Final answer:
William Wordsworth and Samuel Taylor Coleridge are the writers who held to traditional ideology and style as opposed to modernists. Emily Dickinson and Walt Whitman were poets who brought exploration and inventiveness to American literary tradition, fostering new forms of expression.
Step-by-step explanation:
The direct answer in two lines to the student's question is: Contrasting with modernists, the two writers in the text who held to traditional ideology and style are William Wordsworth and Samuel Taylor Coleridge.
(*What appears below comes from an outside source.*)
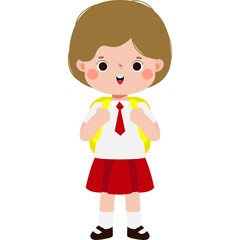 student with school bag, Cute Kid back to school, cartoon character illustration flat style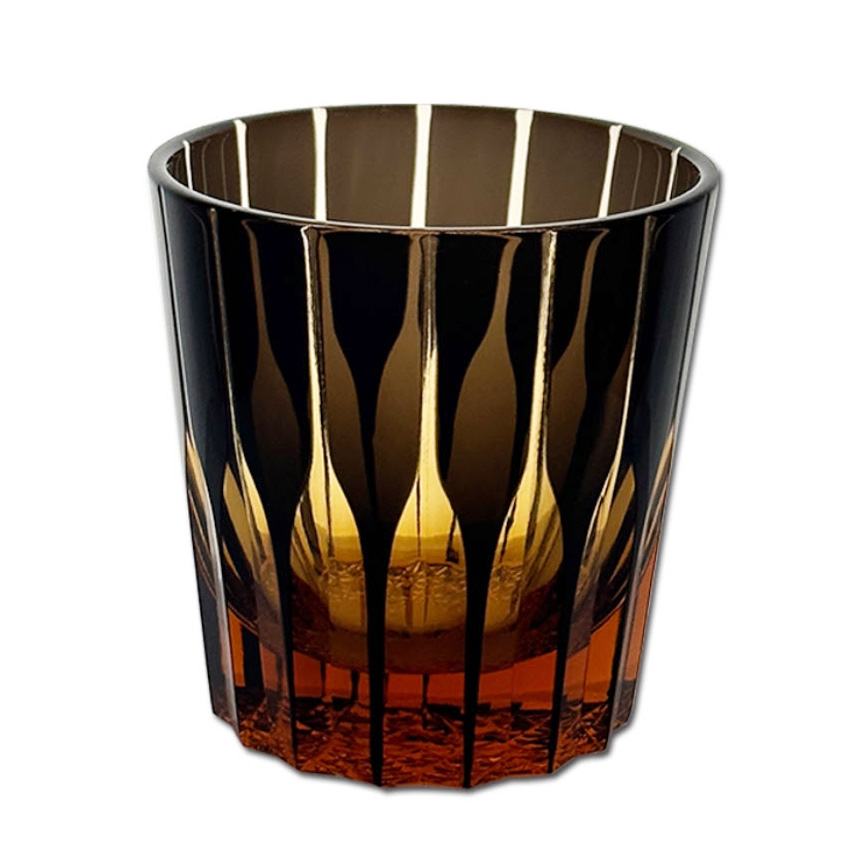 Ly whisky pha lê 280ml chế tác thủ công Edo Kiriko mẫu Brown Star Vianasa VS2323A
These poets are associated with the Romantic movement, which is different from the modernist approaches of writers like T.S. Eliot and Virginia Woolf.
An explanation in 200 words about why Emily Dickinson and Walt Whitman are not considered traditional in their style is that both poets introduced new voices and innovations that diverged from earlier American literary traditions. Dickinson and Whitman, classified as late Romantics, challenged existing forms, with Dickinson's concise and often abstract verses opening new realms in lyric poetry, and Whitman's free verse establishing a unique and expansive rhythmic style that mirrored the dynamism and expansiveness of the American spirit. They promoted a spirit of exploration and inventiveness that aligned with the United States' growth in various sectors. While they emerged from a Romantic backdrop, their works are not derivative but innovative, with Whitman and Dickinson contributing to the evolution of poetic expression and helping to set the stage for later movements, including modernism. Therefore, they are not the traditionalists in contrast to modernists; it is Wordsworth and Coleridge who fit this description.